Step C3: configure slurm

Before running the workflow, another config file need to be assessed to configure the slurm on HiPerGator. This file is config/slurm/cluster-config.yaml Here are the options:

  • account: account linked to your HiPerGator. (insert your account here)

the subsequent options can be left by default:

  • qos: qos account name for HiPerGator.
  • time: time per rule in minutes.
  • nodes: number of nodes to use per rules.
  • ntasks: number of simultaneous tasks.
  • cpus-per-task: number of CPU per tasks on HiPerGator.
  • mem: memory allocated per rule if not indicated elsewhere.
  • output: destination of the output log.
  • error: destination of the error log.
  • job-name: name of the job on HiPerGator.

Step C4: run the workflow

Given that the workflow has been properly deployed and configured, it can be executed as follows.

For running the workflow while deploying any necessary software via conda and running on the cluster, run Snakemake with

snakemake -j 5 --use-conda --profile config/slurm

As previously, if you want to run the workflow with the additional step to speedup the analysis that contains a big dataset you can either:

  • Change in the config.yaml the parameter speedup and change the value to True
  • Run the workflow adding -C speedup=True to the command line as follow:
snakemake -j 5 --use-conda --profile config/slurm -C speedup=True 

As previously you can also generate a report following Step 5: Generate report.


Additional information

If you want to run it as a job,

  1. make sure that the pipeline is deploy where you are and that you change the config/config.yaml accordingly to your needs
  2. create a file name, for exemple my_project.sh, and copy and paste the following, changing your e-mail address and other relevant parameters:
#!/bin/sh
#SBATCH --mail-user=ufid@ufl.edu              # Where to send mail
#SBATCH --mail-type=ALL                       # Mail events (NONE, BEGIN, END, FAIL, ALL)
#SBATCH --job-name=sbatch_snakemake           # Name of the job in slurm 
#SBATCH --cpus-per-task=1                     # Use 1 core
#SBATCH --mem=4G                              # Memory allocated to run the workflow
#SBATCH --time=7-0:00:00                      # Time for the workflow to run, format DD-HH:MM:SS
#SBATCH --nodes=1                             # Number of node to start the workflow
#SBATCH --output=logs/sbatch_snakemake-%j.out # Output of the sbatch job
#SBATCH --error=logs/sbatch-snakemake-%j.err  # Error log of the sbatch job, including the snakemake workflow notifications

echo "Date start $(date)"

# activate a specific conda environment, if you so choose
module load conda
conda activate snakemake 

# make things fail on errors
set -o nounset
set -o errexit
set -x

### run your commands here!
snakemake --cores 1 --use-conda --profile config/slurm
snakemake --report report.zip --report-stylesheet config/report.css

echo "Date end $(date)"
  1. run the following command
sbatch my_project.sh

Walk-Through and File Production

This pipeline consists of 9/12 steps called rules that take input files and create output files.
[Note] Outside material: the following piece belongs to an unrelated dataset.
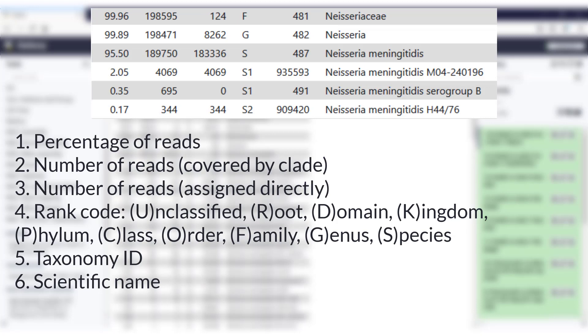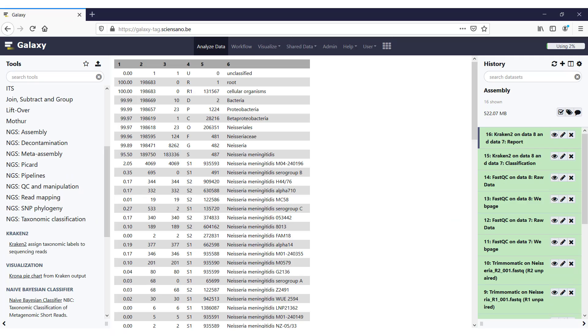In the fifth column, we find the taxon ID for that taxon, and in the sixth column, we find the scientific name. If we look in our results, we see taxon ID 482 and 487, which we saw a lot in the first lines of the previous output. And these are actually the genus Neisseria and the species Neisseria meningitidis. So we see a total of 198,471 reads assigned to the genus Neisseria, or any lower rank starting from that genus. 189,750 were assigned to the species Neisseria meningitidis, of which 183,336 were assigned directly to that species, and the difference was assigned at a lower rank.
Here is a description of the pipeline.

  1. As snakemake is set up, there is a last rule, called all, that serves to call the last output files and make sure they were created.

  2. A folder containing your work will be created:

   [project_name]/                           <- top-level project folder (your project_name)
   │
   │
   ├── report.html                           <- This report file      
   │
   ├── logs                                  <- Collection of log outputs, e.g. from cluster managers
   │
   ├── databases                             <- Generated analysis database related files
   │   ├── all_taxid                         
   │   │   ├─ protein_table.tsv              <- Table with the informations about the proteins of the downloaded taxid
   │   │   ├─ summary_assembly_taxid.tsv     <- Table with the informations about the downloaded genome from NCBI
   │   │   ├─ taxid_all_together.fasta       <- Fasta file of the downloaded taxid
   │   │   └─ taxid_checked.txt              <- List of the downloaded taxid
   │   │
   │   ├── merge_fasta                       
   │   │   └─ taxid_checked.txt              <- Fasta with the concatenation of the genome of interest and seeds
   │   │
   │   └── seeds                             
   │       ├─ seeds.fasta                    <- Fasta file of the seeds
   │       └─ new_seeds.tsv                  <- Table with the informations about the seeds
   │
   ├── analysis_thresholds                   <- (Optional) Generate by the rule report_thresholds
   │   ├── tables                         
   │   │   └─ table--seed.tsv                <- (Optional) Table with the information of each pair of hits in for the seed family (one per seed)
   │   │
   │   └── report_figure_thresholds.html     <- (Optional) HTML report with the plots made by report_thresholds                  
   │
   └── results                               <- Final results for sharing with collaborators, typically derived from analysis sets
       ├── fasta                             <- (Optional) folder with the fasta file of the orthologs of the seeds
       ├── patab_melt.tsv                    <- Table with the information of sORTholog one information by line
       ├── patab_table.tsv                   <- Table with the information of presence absence with genome in index and seeds in columns and proteins Id in the cell
       └── plots                             <- Plots and table on which the plot are created

  1. Before starting the pipeline, your taxids will be checked and updated for the lowest descendant levels. This will create a file of checked taxids. It will skip this step if this file already exists.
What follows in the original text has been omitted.